Отдохнувши, часов в пять пополудни мы пошли пешком назад в Воскресенское. Расстояние небольшое, всего шесть верст, но от непривычки путешествовать по тайге я стал чувствовать утомление после первой же версты. Шел по-прежнему сильный дождь. Тотчас же по выходе из Ускова пришлось иметь дело с ручьем в сажень ширины, через который были перекинуты три тонких кривых бревна; все прошли благополучно, я же оступился и набрал в сапог. Перед нами лежала длинная прямая просека, прорубленная для проектированной дороги; на ней не было буквально ни одного сажня, по которому можно было бы пройти, не балансируя и не спотыкаясь.

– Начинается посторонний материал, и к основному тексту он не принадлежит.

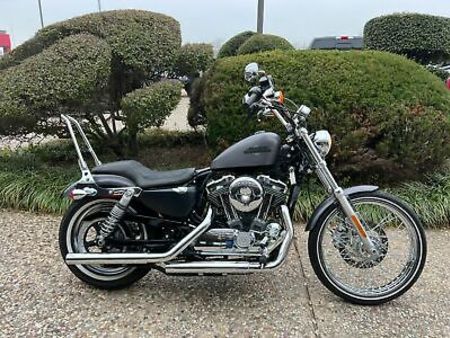 harley davidson seventy two d'occasione - Ricerca di moto d'occasione - Il  Parking Moto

Кочки, ямы, полные воды, жесткие, точно проволочные, кусты или корневища, о которые спотыкаешься, как о порог, и которые предательски скрылись под водою, а главное, самое неприятное — это валежник и груды деревьев, поваленных здесь при рубке просеки. Победишь одну груду, вспотеешь и продолжаешь идти по болоту, как опять новая груда, которой не минуешь, опять взбираешься, а спутники кричат мне, что я иду не туда, надо взять влево от груды или вправо и т. д. Сначала я старался только об одном — не набрать бы в другой сапог, но скоро махнул на всё рукой и предоставил себя течению обстоятельств. Слышится тяжелое дыхание трех поселенцев, которые плетутся сзади и тащат наши вещи… Томит духота, одышка, хочется пить… Идем без фуражек — этак легче.

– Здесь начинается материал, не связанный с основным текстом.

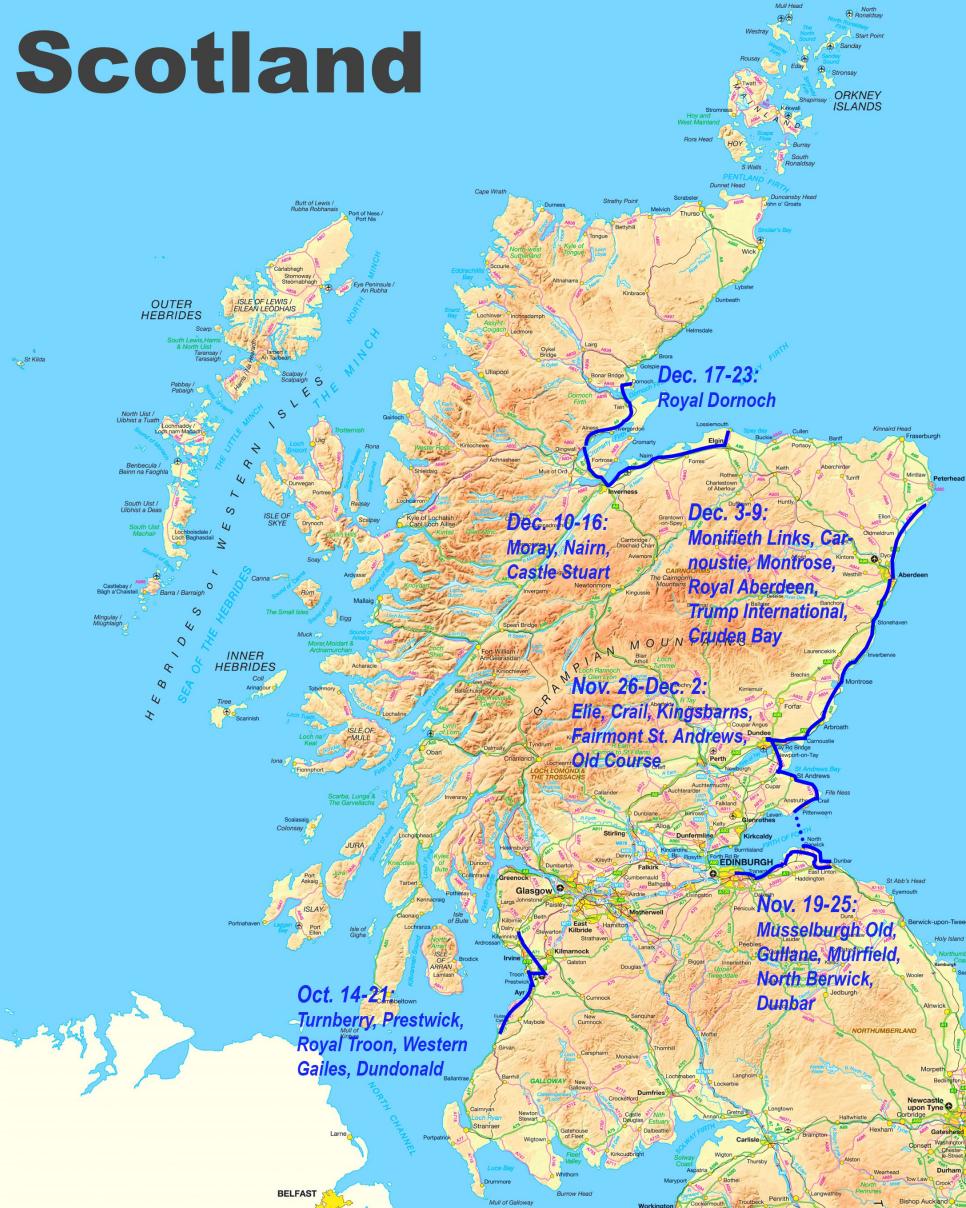 scotland-road-map-trail-4.jpg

Генерал, задыхаясь, садится на толстое бревно. Садимся и мы. Даем по папироске поселенцам, которые не смеют сесть.
— Уф! Тяжко!
— Сколько верст осталось еще до Воскресенского?
— Да версты три осталось.
Бодрее всех идет А. М. Бутаков. Раньше он хаживал пешком по тайге и тундре на далекие расстояния, и теперь какие-нибудь шесть верст составляют для него сущий пустяк. Он рассказывал мне про свое путешествие вдоль реки Пороная к заливу Терпения и обратно: в первый день идти мучительно, выбиваешься из сил, на другой день болит всё тело, но идти все-таки уж легче, а в третий и затем следующие дни чувствуешь себя как на крыльях, точно ты не идешь, а несет тебя какая-то невидимая сила, хотя ноги по-прежнему путаются в жестком багульнике и вязнут в трясине.

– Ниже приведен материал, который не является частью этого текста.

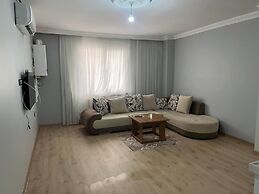Bediroğlu Apart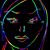 Leanne Henry's profile image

На полдороге стало темнеть, и скоро нас окутала настоящая тьма. Я уже потерял надежду, что когда-нибудь будет конец этой прогулке, и шел ощупью, болтаясь по колена в воде и спотыкаясь о бревна. Кругом меня и моих спутников там и сям мелькали или тлели неподвижно блуждающие огоньки; светились фосфором целые лужи и громадные гниющие деревья, а сапоги мои были усыпаны движущимися точками, которые горели, как ивановские светляки.
Но вот, слава богу, вдали заблестел огонь, не фосфорический, а настоящий. Кто-то окликнул нас, мы ответили; показался надзиратель с фонарем; широко шагая через лужи, в которых отсвечивал его фонарь, он через всё Воскресенское, которое едва было видно в потемках, повел нас к себе в надзирательскую[43]. У спутников моих было с собою сухое платье для перемены, и они, придя в надзирательскую, поспешили переодеться, у меня же с собою ничего не было, хотя я промок буквально насквозь. Мы напились чаю, поговорили и легли спать. Кровать в надзирательской была только одна, ее занял генерал, а мы, простые смертные, легли на полу на сене.